[ABOUT THIS EXERCISE] The required result is an exact copy of every line from the one with "Peaceful Belly Farm participates" through the last line below, with the pictures left out.

________________________

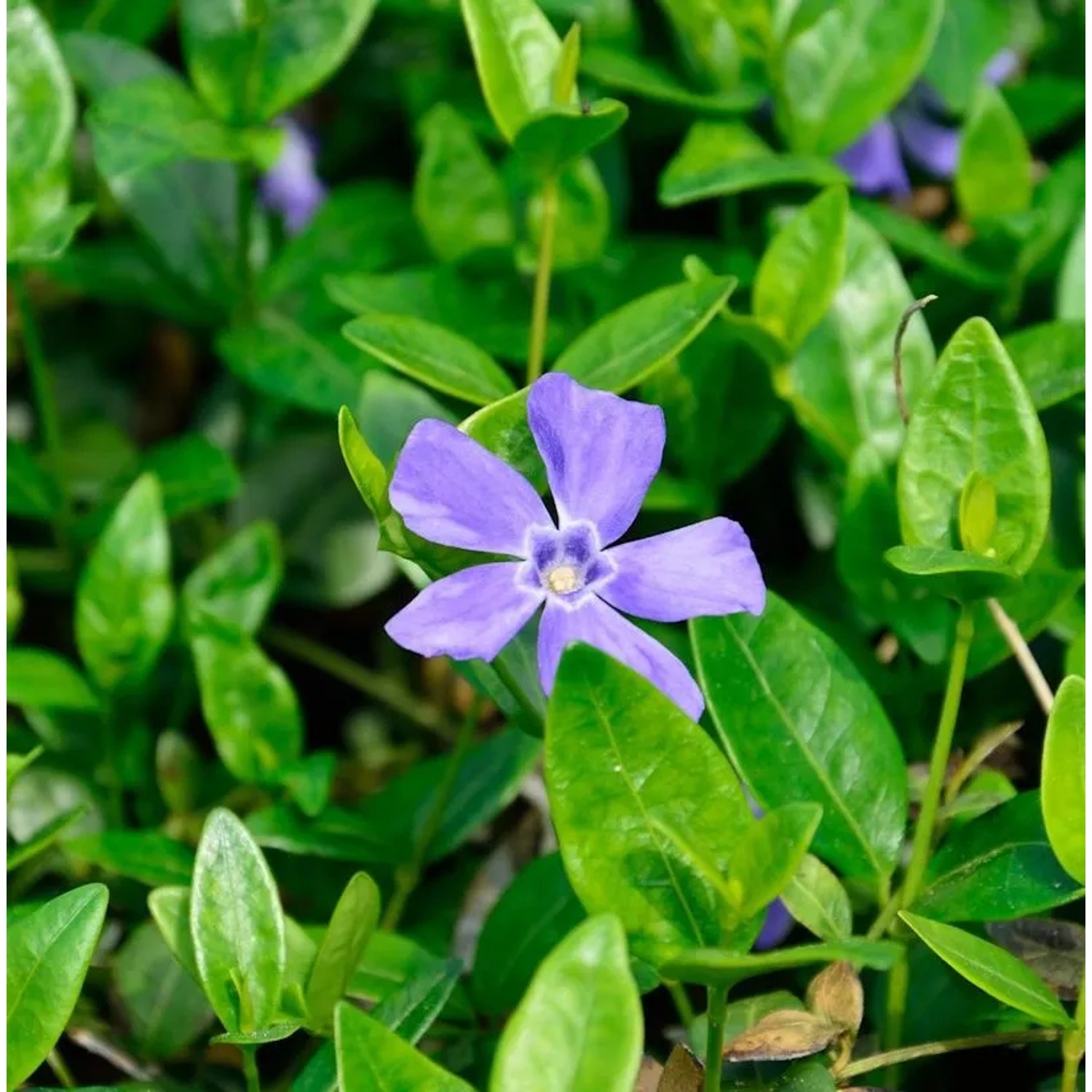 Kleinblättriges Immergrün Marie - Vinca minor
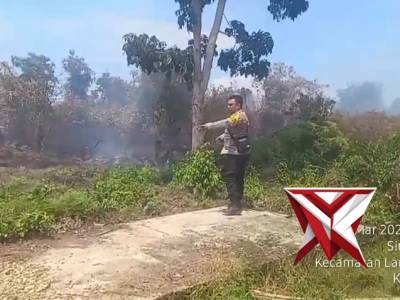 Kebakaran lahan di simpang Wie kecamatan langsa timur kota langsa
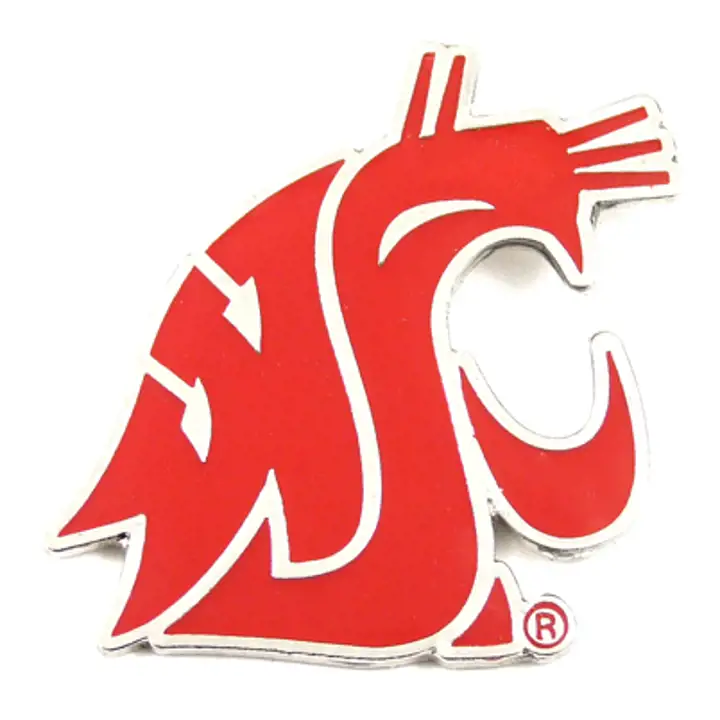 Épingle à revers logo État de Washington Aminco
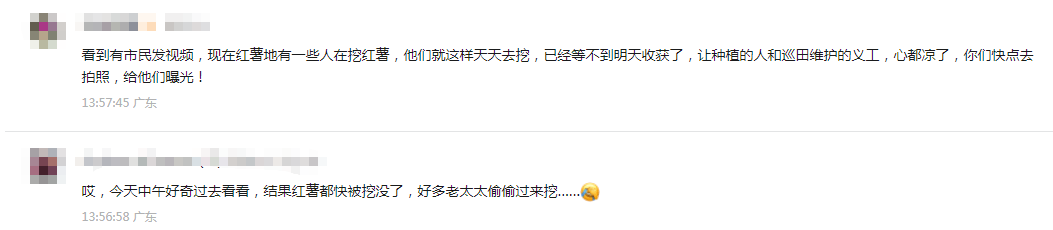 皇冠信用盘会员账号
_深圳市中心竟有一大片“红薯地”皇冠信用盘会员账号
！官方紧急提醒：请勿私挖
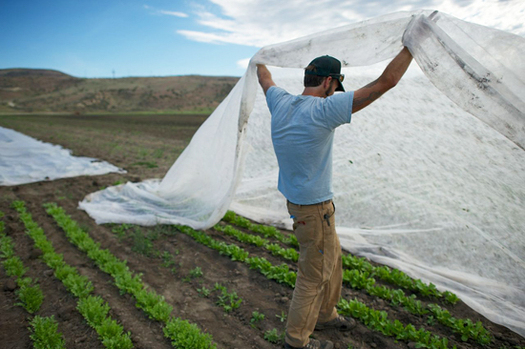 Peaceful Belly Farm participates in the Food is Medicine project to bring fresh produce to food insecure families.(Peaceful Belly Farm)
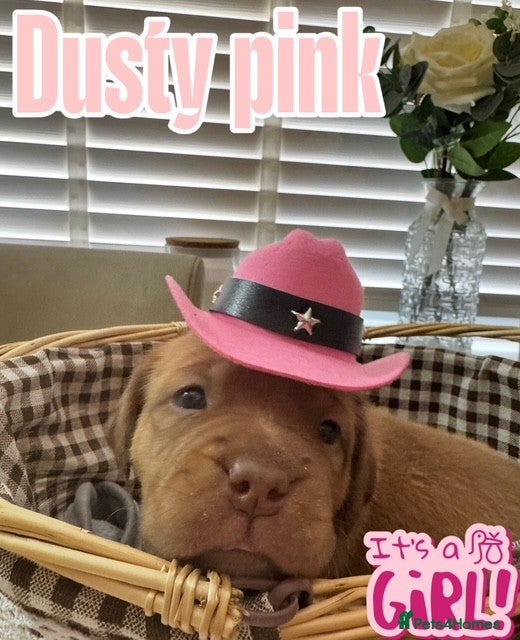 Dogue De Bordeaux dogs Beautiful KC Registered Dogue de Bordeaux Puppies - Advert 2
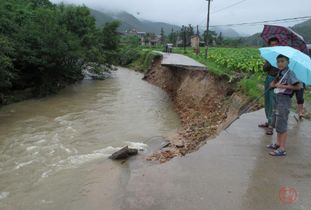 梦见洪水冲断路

________________________

[SOLUTION BELOW]
 Peaceful Belly Farm participates in the Food is Medicine project to bring fresh produce to food insecure families.(Peaceful Belly Farm)
 Dogue De Bordeaux dogs Beautiful KC Registered Dogue de Bordeaux Puppies - Advert 2
 梦见洪水冲断路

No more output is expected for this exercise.